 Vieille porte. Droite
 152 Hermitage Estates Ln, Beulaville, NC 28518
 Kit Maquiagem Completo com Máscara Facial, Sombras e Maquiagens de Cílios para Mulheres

*Assigned task*:
From the listing above, extract every line exactly as it stands.

*Result*:
 Vieille porte. Droite
 152 Hermitage Estates Ln, Beulaville, NC 28518
 Kit Maquiagem Completo com Máscara Facial, Sombras e Maquiagens de Cílios para Mulheres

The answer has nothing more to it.